:: PROBLEM DETAILS ::
Only the text should be kept: print every entry below exactly and leave each image out.

:: MATERIAL PROVIDED ::
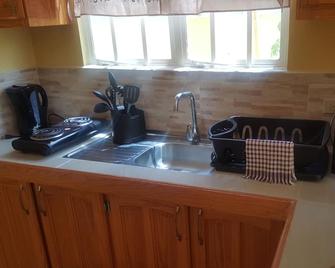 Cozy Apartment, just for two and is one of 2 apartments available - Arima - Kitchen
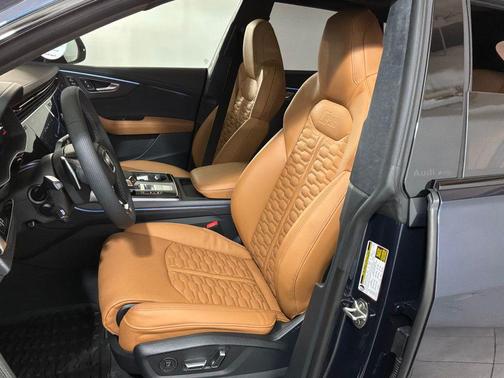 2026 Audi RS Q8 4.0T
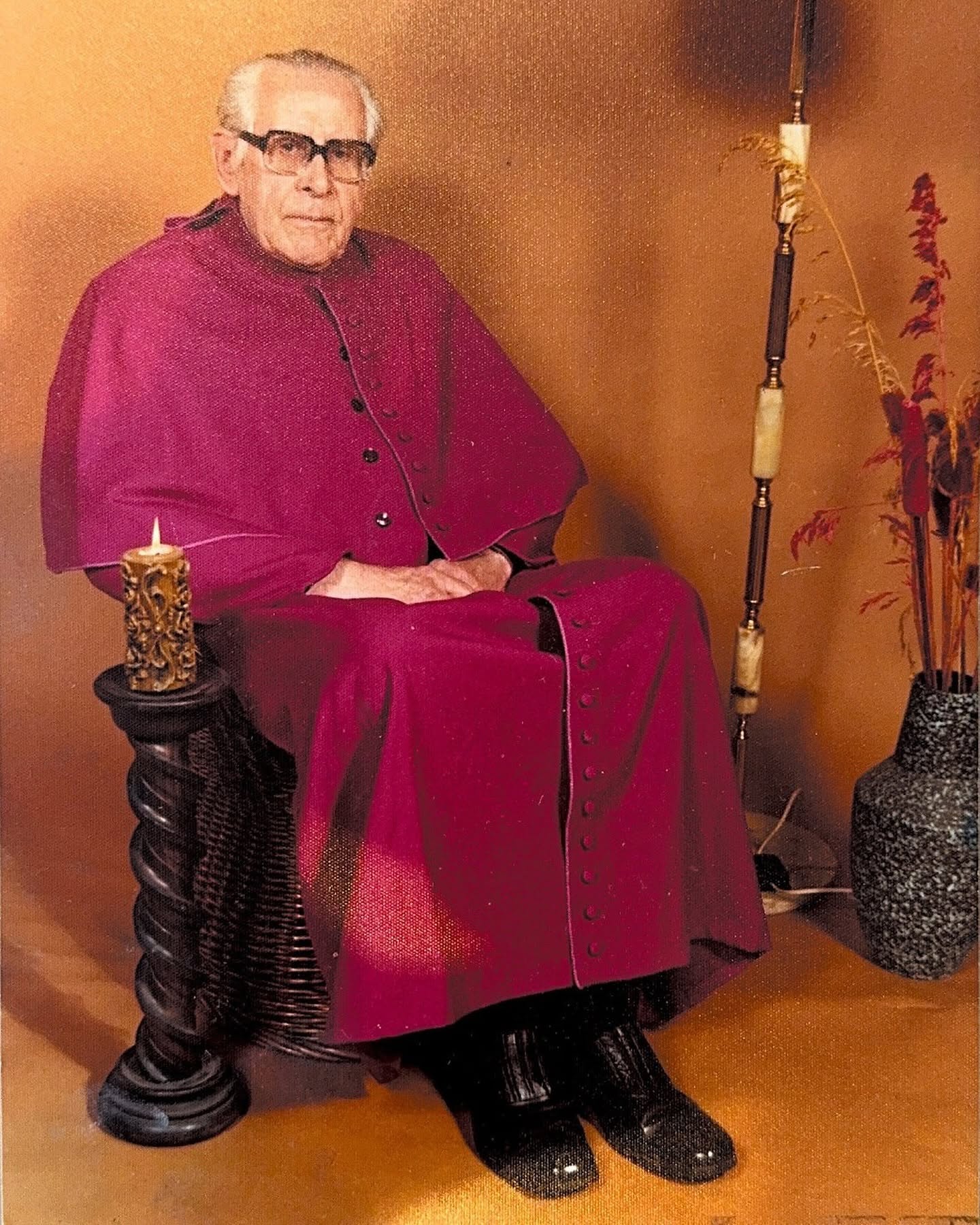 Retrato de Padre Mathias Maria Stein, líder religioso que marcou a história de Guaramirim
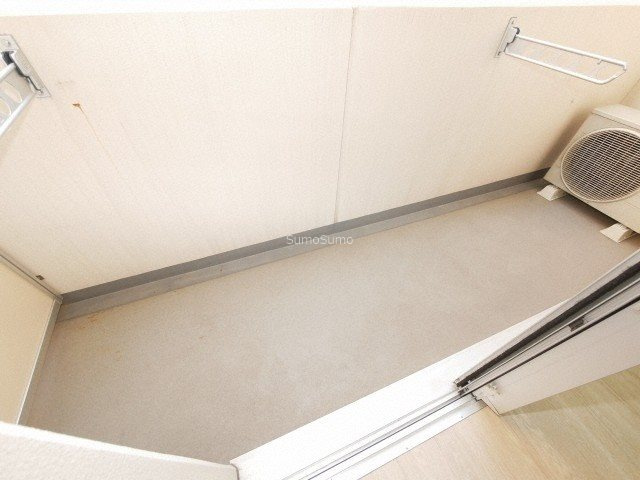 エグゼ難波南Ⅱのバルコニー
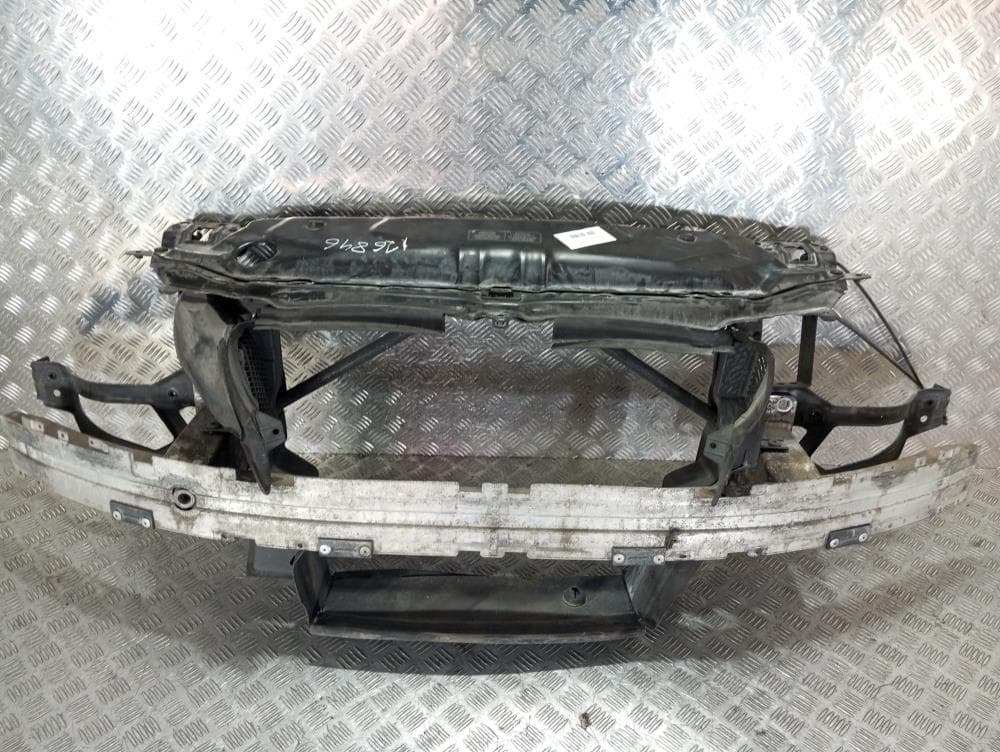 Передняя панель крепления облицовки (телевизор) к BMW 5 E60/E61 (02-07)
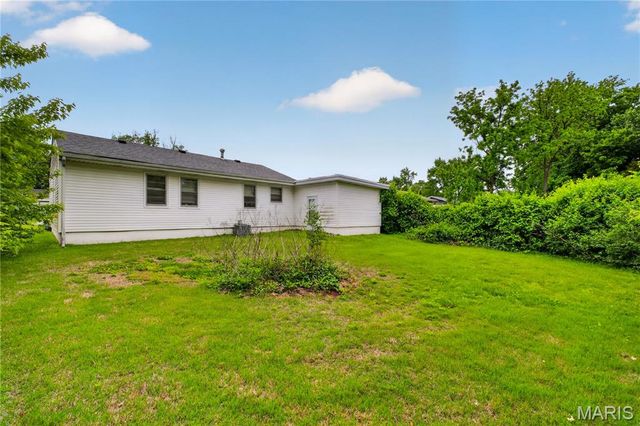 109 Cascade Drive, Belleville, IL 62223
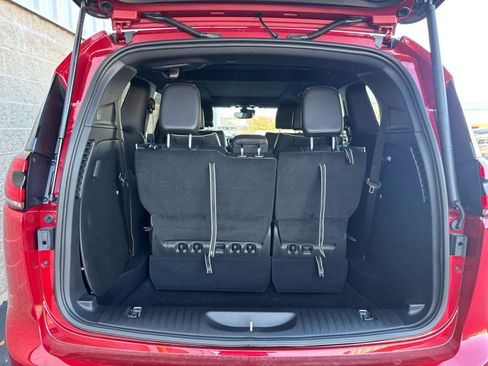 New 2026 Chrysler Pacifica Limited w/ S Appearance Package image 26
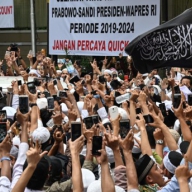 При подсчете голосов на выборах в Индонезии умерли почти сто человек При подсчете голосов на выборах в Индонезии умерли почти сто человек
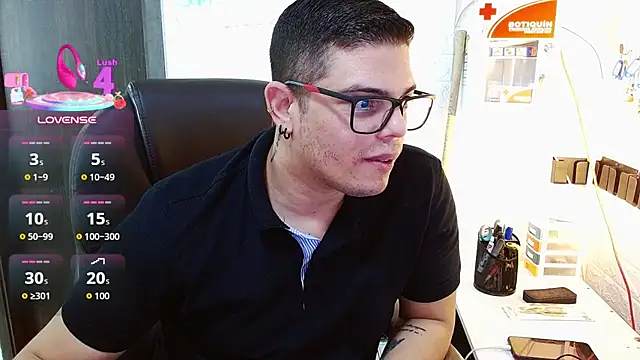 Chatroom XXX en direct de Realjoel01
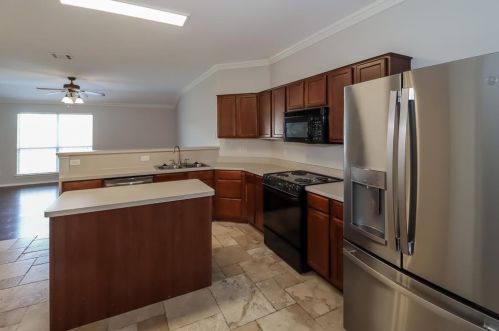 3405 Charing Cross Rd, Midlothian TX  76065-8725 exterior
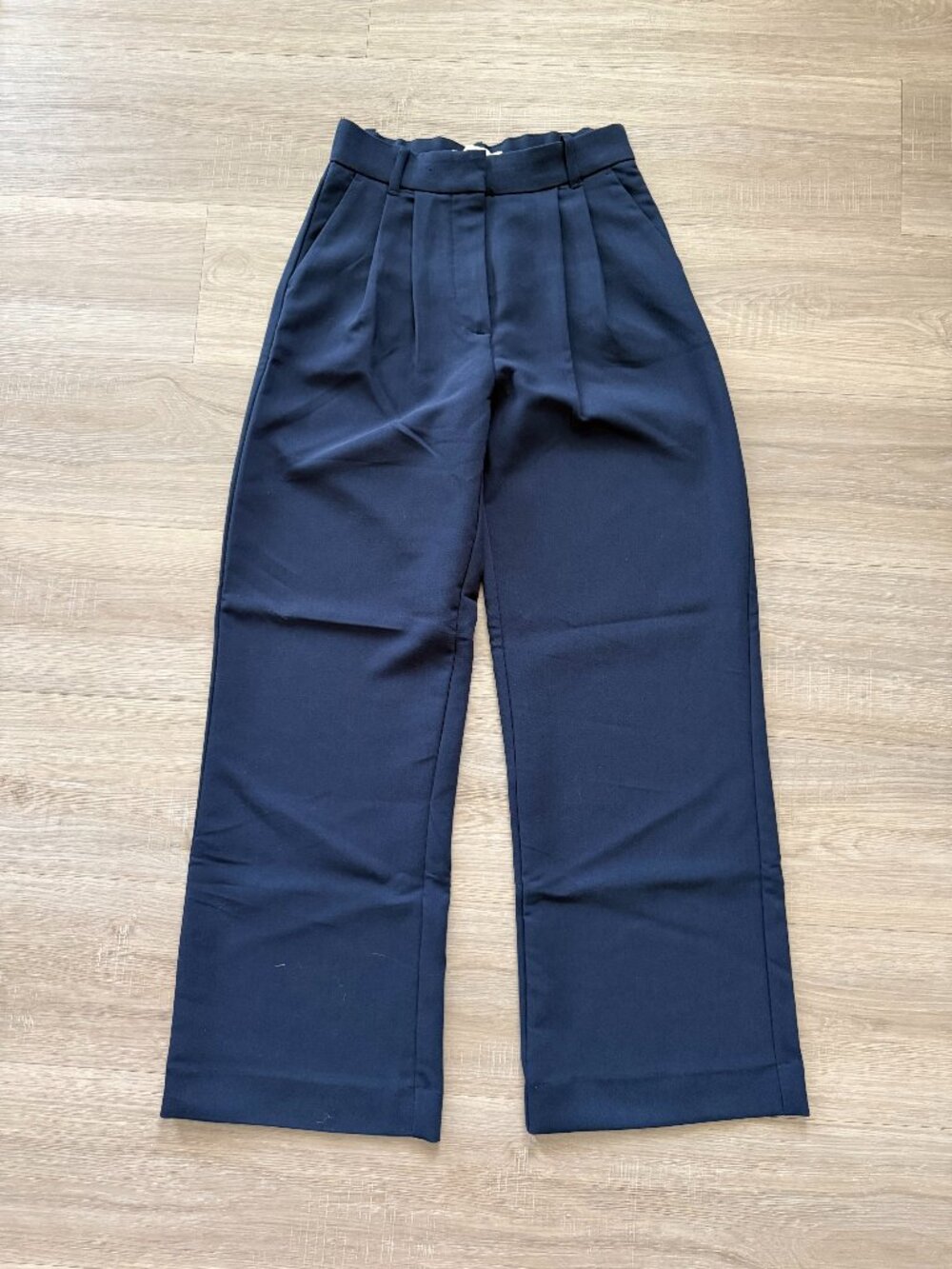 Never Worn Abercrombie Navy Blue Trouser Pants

:: YOUR SOLUTION ::
 Cozy Apartment, just for two and is one of 2 apartments available - Arima - Kitchen
 2026 Audi RS Q8 4.0T
 Retrato de Padre Mathias Maria Stein, líder religioso que marcou a história de Guaramirim
 エグゼ難波南Ⅱのバルコニー
 Передняя панель крепления облицовки (телевизор) к BMW 5 E60/E61 (02-07)
 109 Cascade Drive, Belleville, IL 62223
 New 2026 Chrysler Pacifica Limited w/ S Appearance Package image 26
 При подсчете голосов на выборах в Индонезии умерли почти сто человек При подсчете голосов на выборах в Индонезии умерли почти сто человек
 Chatroom XXX en direct de Realjoel01
 3405 Charing Cross Rd, Midlothian TX  76065-8725 exterior
 Never Worn Abercrombie Navy Blue Trouser Pants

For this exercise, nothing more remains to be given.